Quería sexo, salvaje, de ese que llega a doler. Me gusta y lo necesito. Intenté recomponerme de la guerra a muerte de mi cuerpo contra sus ganas, contra la bestia que a veces es cuando me ve con hambre. Es como un castigo divino, una larga penitencia pero le he rogado, suplicado, reclamado... todo para que me follase. Y sonrió como lo hace un canalla, como lo hace quien sabe que hará todo lo que le dé la gana, cuanto desee aun a fuerza de mi desesperación —eso sé que le pone—. Luego se carcajeó como lo haría un poseído. Besó mi coño, henchido del uso y del placer y, a continuación, un toque a mano abierta que me hizo protestar y saltar como un muelle. Un muelle chirriando por la humedad concentrada. El cierre de mis piernas no calmó la intensidad del gesto y menos, todavía, mi excitación y el fluido que discurría entre ellas. Su mirada se clavó en la mía como un arpón de veinte puntas y tomó mis labios, doloridos y encarnados, atrapándolos fuerte en su puño. Mi alarido fue esa mezcla entre un placer sublime y un dolor inmarcesible.

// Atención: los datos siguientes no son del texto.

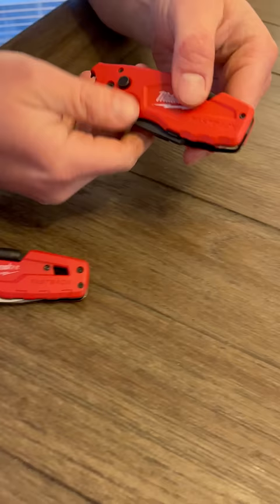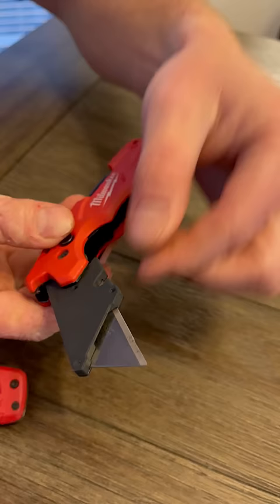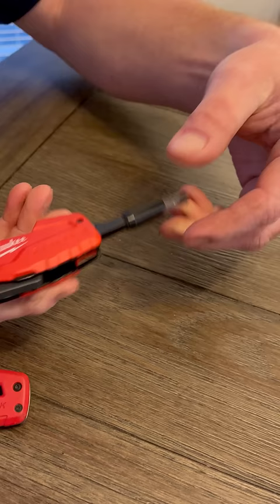There's also this newer one, part of the Fastback collection, but it uses a razor knife — pretty neat. It's a push-button close, not a pushover. It also has a quarter-inch chuck in the back with a Phillips and a flathead. Some pretty cool features — I definitely think these are awesome, my go-to's for sure.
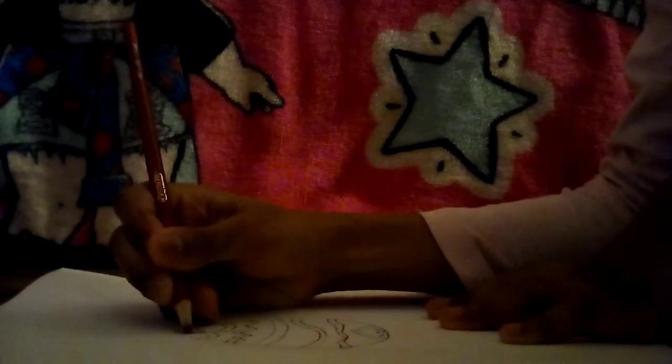Then after, you can get some colored pencils. Dump them out. So I'm going to use this red to color my heart that I made on the top.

Se apartó, tirando de mí hasta colocarme a la altura de sus caderas. Rodillas al suelo, en un falso acto de contrición, ensalzando mi mirada a la suya, con su verga enfilada ante mi cara y mis manos, en oración, sosteniéndola para dedicarle los mayores goces, sometiéndola a mi antojo como puedo ser en un momento.
Era yo quien estaba atrapada con la cabeza entre sus piernas, sensible a su falo que desde ahí era más enorme, más grueso, más erecto y más potente, presentándose ante mis ojos, tentando en la búsqueda de un lugar en el que esconderse. Mi lengua se mostraba viperina y desvergonzada. Mi boca lo ansiaba y me hacía falta.
Empecé a acariciar, a lamer... esa parte suave, tibia, más blanda... esclava con mis labios. Mi boca se abría y se cerraba mientras su tallo enverado se adentraba en mí. Sus caderas empujaban hacia mi rostro. Parecía no medir la profundidad de sus embates pero calcula cada profanación, provocando en mí esa ansiedad que le gusta pero que desea que yo controle al no darme todo de golpe, sino poco a poco o sorprendiéndome, llenándome entera, incitándome esa sensación de ahogo con su carne invadiendo mi espacio, faltándome el aire por segundos, salivando en exceso...., atragantándome ávida, con su sexo encarcelado entre mis dientes. Mi boca parecía hacerse pequeña y en mis oídos repicaban sus gemidos. Podía intuir la expresión de su cara porque las lágrimas en mis ojos me impedían ver. Como si fueran últimos esfuerzos, arrastraba mis dientes por aquel músculo que ya goteaba, sintiendo suaves golpes de un lado a otro de mi boca, contra la cara interna de mis mejillas.
Era una tortura lenta, consensuada, predestinada a un placer supremo donde él nos erigíamos dueños.